In this proposed task, teams will be given a collection of texts, each of which will contain an ambiguity. The task will be to identify which of those texts display nocuous ambiguity at a variety of thresholds. We follow Willis et al (2008):
Definition Given an ambiguous phrase or sentence, S, a collection of judgements of the correct interpretation of that sentence and an ambiguity threshold T (where 0 ≤ T ≤ 100%):
if there is at least one non-ambiguous interpretation of S which has a certainty greater than T, then S exhibits innocuous ambiguity at threshold T. Otherwise, S exhibits nocuous ambiguity at threshold T.
where the “certainty” of an interpretation is simply the number of annotators who selected that interpretation as the intended meaning.
Datasets
Building on earlier work of Willis et al (2008), sentences containing high degree of potential nocuous ambiguity will be collected. We aim to annotate approx. 3k such sentences. Each sentence will be annotated by 10 or more volunteers to generate sufficient ambiguity statistics.
Evaluation methodology
The submitted systems will be evaluated using standard precision and recall measures, on the task of identifying which sentences or phrases out of a provided list are nocuous for a given range of thresholds (say, T at 60%, 70% and 80%).
Organisers
Suresh Manandhar, University of York, UK (suresh@cs.york.ac.uk)
Alistair Willis, Open University, UK (alistair.willis@open.ac.uk) [Primary Contact]
Bibliography
Chantree, Francis, Bashar Nuseibeh, Anne DeRoeck, and Alistair Willis. 2006. “Identifying Nocuous Ambiguities in Natural Language Requirements.” In Proceedings of 14th IEEE International Requirements Engineering Conference (RE’06). Minneapolis/St Paul, Minnesota, USA.

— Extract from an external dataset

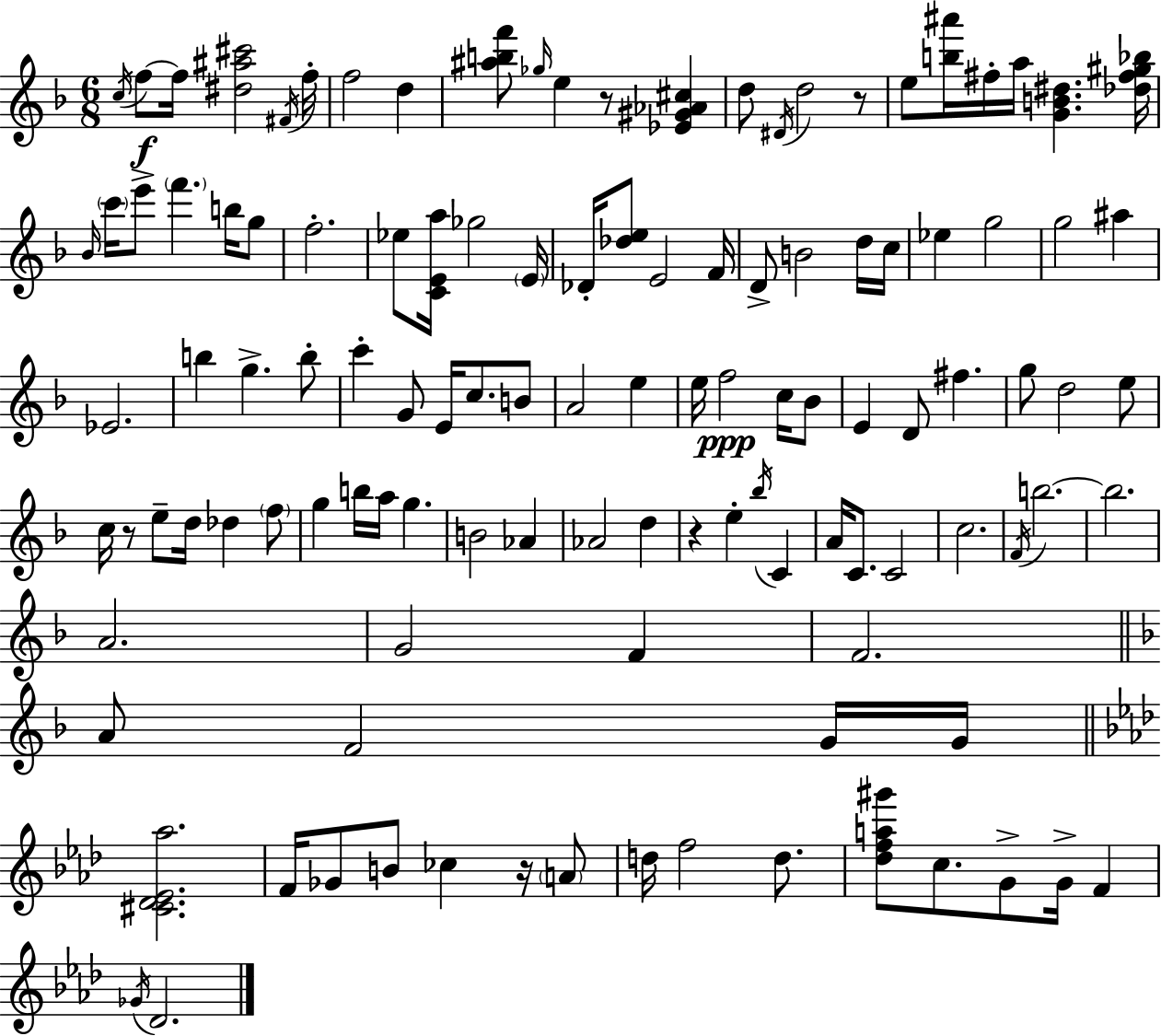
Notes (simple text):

C5/s F5/e F5/s [D#5,A#5,C#6]/h F#4/s F5/s F5/h D5/q [A#5,B5,F6]/e Gb5/s E5/q R/e [Eb4,G#4,Ab4,C#5]/q D5/e D#4/s D5/h R/e E5/e [B5,A#6]/s F#5/s A5/s [G4,B4,D#5]/q. [Db5,F#5,G#5,Bb5]/s Bb4/s C6/s E6/e F6/q. B5/s G5/e F5/h. Eb5/e [C4,E4,A5]/s Gb5/h E4/s Db4/s [Db5,E5]/e E4/h F4/s D4/e B4/h D5/s C5/s Eb5/q G5/h G5/h A#5/q Eb4/h. B5/q G5/q. B5/e C6/q G4/e E4/s C5/e. B4/e A4/h E5/q E5/s F5/h C5/s Bb4/e E4/q D4/e F#5/q. G5/e D5/h E5/e C5/s R/e E5/e D5/s Db5/q F5/e G5/q B5/s A5/s G5/q. B4/h Ab4/q Ab4/h D5/q R/q E5/q Bb5/s C4/q A4/s C4/e. C4/h C5/h. F4/s B5/h. B5/h. A4/h. G4/h F4/q F4/h. A4/e F4/h G4/s G4/s [C#4,Db4,Eb4,Ab5]/h. F4/s Gb4/e B4/e CES5/q R/s A4/e D5/s F5/h D5/e. [Db5,F5,A5,G#6]/e C5/e. G4/e G4/s F4/q Gb4/s Db4/h.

Willis, Alistair, Francis Chantree, and Anne Roeck. 2008. “Automatic Identification of Nocuous Ambiguity.” Research on Language and Computation 6 (3-4).
Yang, Hui, Anne De Roeck, Alistair Willis, and Bashar Nuseibeh. 2010. “A Methodology for Automatic Identification of Nocuous Ambiguity.” In 23rd International Conference on Computational Linguistics (COLING 2010). Beijing, China.